During this interminable period of time, I found myself reflecting on the world 20 years ago. If I wanted to get directions, I had to find a Map. To find the street name, I would have to look at the legend on the back, plan out the longitude and latitude, and manually plan my route. As for traffic conditions… there was no possible way. I couldn’t call anyone on the road. There was no way to access the government’s early stage GPS satellites.

It was really a different world. I knew I could use a little humility, and take time to appreciate all the stuff we take for granted with our modern gadgets compared to what it was like in the “old” days.

1. Computers. Holy geez. Back in 1991, I had a 386 Processor which ran at 40 MHz. That’s less than 1% the speed of a crappy laptop today. We were still using 1.44 MB floppy discs. The computer speakers barely emitted beeps and boops without an expensive sound card. Today, you can drop less than $30 on the Cyber Acoustics CA 3602 and get Dolby quality stereo sound.

2. Video. VHS anyone? Clunky with big tapes, mediocre image quality and weighing in at over $1000. Nowadays you can pocket an HD image for less than a Benjamin. Old tape to tape editing systems required that you literally play a tape and manually record it to another deck. Now, you do it with a computer. Video production used to cost tens of thousands of dollars but now teenagers are making special effects being seen by millions on Youtube.
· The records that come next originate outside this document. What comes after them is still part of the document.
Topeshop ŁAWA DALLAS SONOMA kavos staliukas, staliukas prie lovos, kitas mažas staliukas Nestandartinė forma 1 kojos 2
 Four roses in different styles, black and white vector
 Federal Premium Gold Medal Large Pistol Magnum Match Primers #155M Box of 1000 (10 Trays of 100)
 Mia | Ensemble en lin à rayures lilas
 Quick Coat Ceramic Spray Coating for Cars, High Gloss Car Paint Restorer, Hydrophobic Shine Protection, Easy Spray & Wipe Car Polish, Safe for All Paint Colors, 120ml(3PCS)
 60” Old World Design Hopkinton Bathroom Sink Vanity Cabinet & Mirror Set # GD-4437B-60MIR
3. Internet. Remember Dial Up, when AOL was king? I don’t even want to explain this difference between then and now. Let’s just say if you told someone you just “Googled” yourself in 1991, you’d get a very different reaction. Setting up a website took an advanced degree. As we saw in “The Social Network”, you couldn’t even find web hosting; you needed to use a computer as your own server.

4. Phones. I tried explaining to a 17-year-old what a pager was, and they just couldn’t understand it. They also couldn’t understand the idea of only having one phone in your house, and if your Mom was talking to her friend for 2 hours, you couldn’t get in touch with your friends.

5. TV. Back in 1991, TV shows were not as epic as they are today. No “Breaking Bad”, “Walking Dead”, “Entourage”, or “Lost” caliber stories. CNN was also the only 24 hour news channel. Actually, that was a good thing.

This list could go on, but it’s enough to think about for now. People have an insatiable appetite for new technology, but it’s always good to think back on how it used to be, to get some perspective and appreciation.